Two numbers inside a box marked 3- would have to differ by 3. e.g., 5 and 8 in some order.

Three numbers in a box marked 15x would have a product of 15. 1, 3 and 5 in some order.

Here is an 8x8 KenKen puzzle where the boxes are just marked with a number, like 3 or 15.

The mathematical operation is not specified. You have to figure that out as part of the puzzle.

One hint is that a boxes that contains more than 2 numbers must be either add or multiply.

Boxes that are marked 1 must be subtract: the other operators would require identical numbers or zero.

Each box should be solved as completely as possible before solving rows or columns.

A box with 1 number contains the marked number.

A box with 2 numbers marked 15 could be either 3x5 or 7+8. Nothing else.

A box with 2 numbers marked 12 could be 2x6, 3x4, 4+8 or 5+7. Only the number 1 would be excluded.

A box with 3 numbers marked 12 permits all eight numbers.

And so forth.

This KenKen puzzle is one that I have not been able to solve.

A gold star to anyone who solves it.

Good luck

### More coin tosses

29 August 2014 - 02:43 AM

You toss a fair coin repeatedly, hoping to see an odd number of T sandwiched between two H.

e.g. H T T H H T T T T H T H ... ( 12 tosses. )

On average, how many tosses does this take?

### Prisoners sorting cards - this puzzle is not for the faint of heart

13 August 2014 - 06:31 PM

The warden is at it again. The entire prison population will be set free if the inmates can achieve a simple result. They must stack three cards, an Ace, King and Queen, on a table, in that order, with the Ace on top.

Alone and in a closed room, the warden begins the process by placing the three cards face up on a desk in some or all of three bins, appropriately marked Left, Middle, and Right. If they all occupy a single bin, only the top card is visible. If they occupy only two of the bins, then only two cards are visible, and it is impossible to tell which of the two visible cards conceals the third. Of course if they are all in separate bins, all three are visible. How the cards are initially laid out is totally up to the warden, but for the purposes of this puzzle we may assume the placement is random.
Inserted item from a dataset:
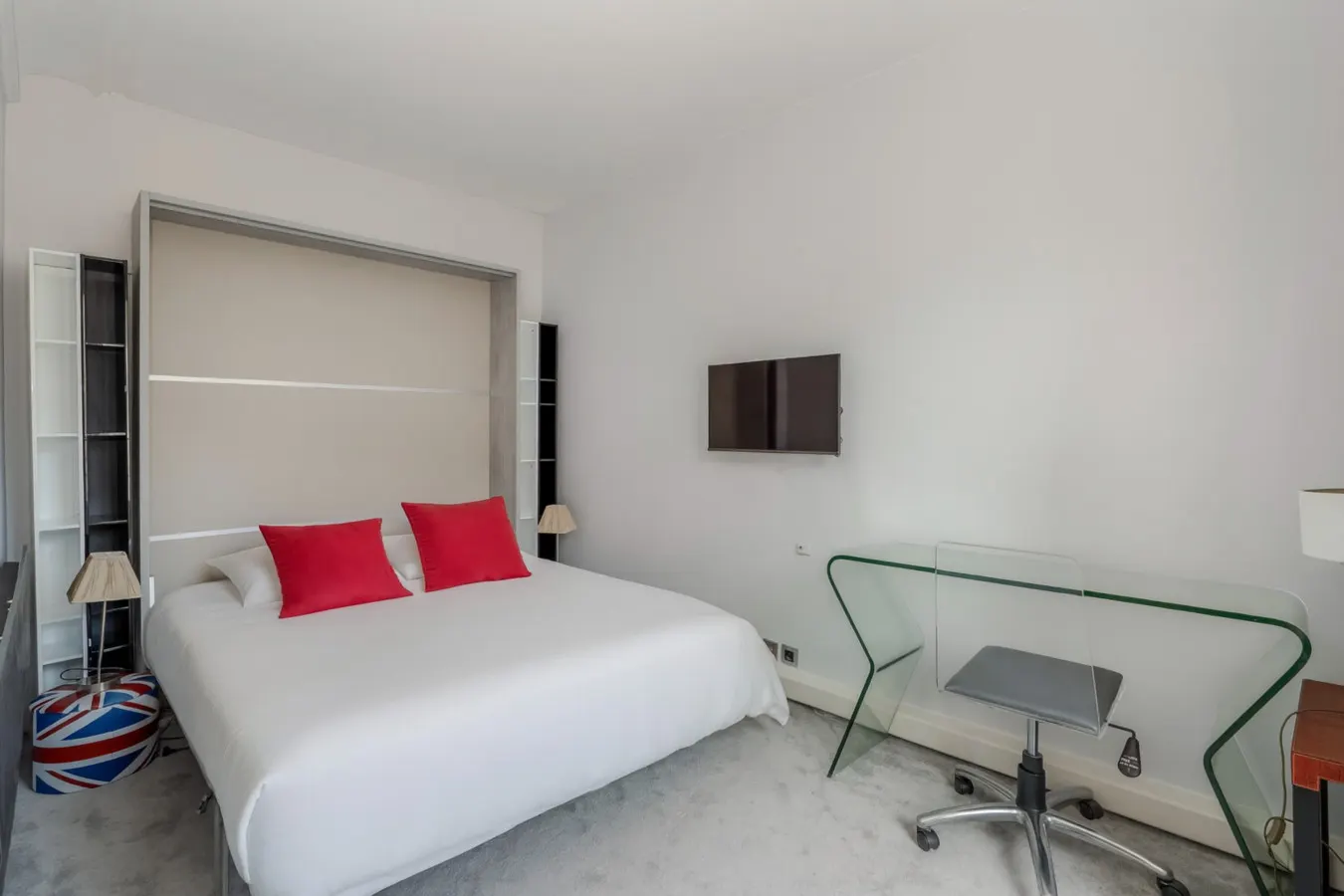 Luxury 4 Bed Residence - Next to Arc de Triomphe 17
At 8:00am on the fateful day, a prisoner chosen at random enters the room and moves one of the visible cards from its bin to a different (possibly empty) bin. That is, from the top of one stack to the top of another (possibly empty) stack. The prisoner then leaves the room and is led back to his cell. He does not communicate in any way with the other inmates. Then at 9:00am, and at one-hour intervals thereafter, a second, third, etc., randomly chosen prisoner enters the room and again moves a single card from the top of one pile to the top of another. A prison guard inspects the cards after each move and informs the warden if at any time the three cards become stacked in a single bin in the desired order: Ace, King, Queen, with Ace on top.

The cards must be correctly stacked by the time the 5:00pm prisoner leaves the room, or before, for the prisoners to be released. They are all executed otherwise.

The prisoners are not permitted to work out a strategy beforehand. In fact, the prisoners do not know what they are expected to do until they enter the room. We could say that prisoners enter the room, read the above description of the problem, make their move, and then leave.

What are the prisoners' chances?

We can assume they are smart. Smart enough to be Brain Denizens.

### Auto mechanic

13 August 2014 - 04:22 AM

A retired gynecologist decided to become an auto mechanic.
He was a good student and passed the final exam with flying colors.
You are amazing, said the instructor, after the student had rebuilt an engine in record time.
You mean no one else was able to rebuild an engine? asked the doctor.
Of course, said the instructor, but no one else did it through the tail pipe!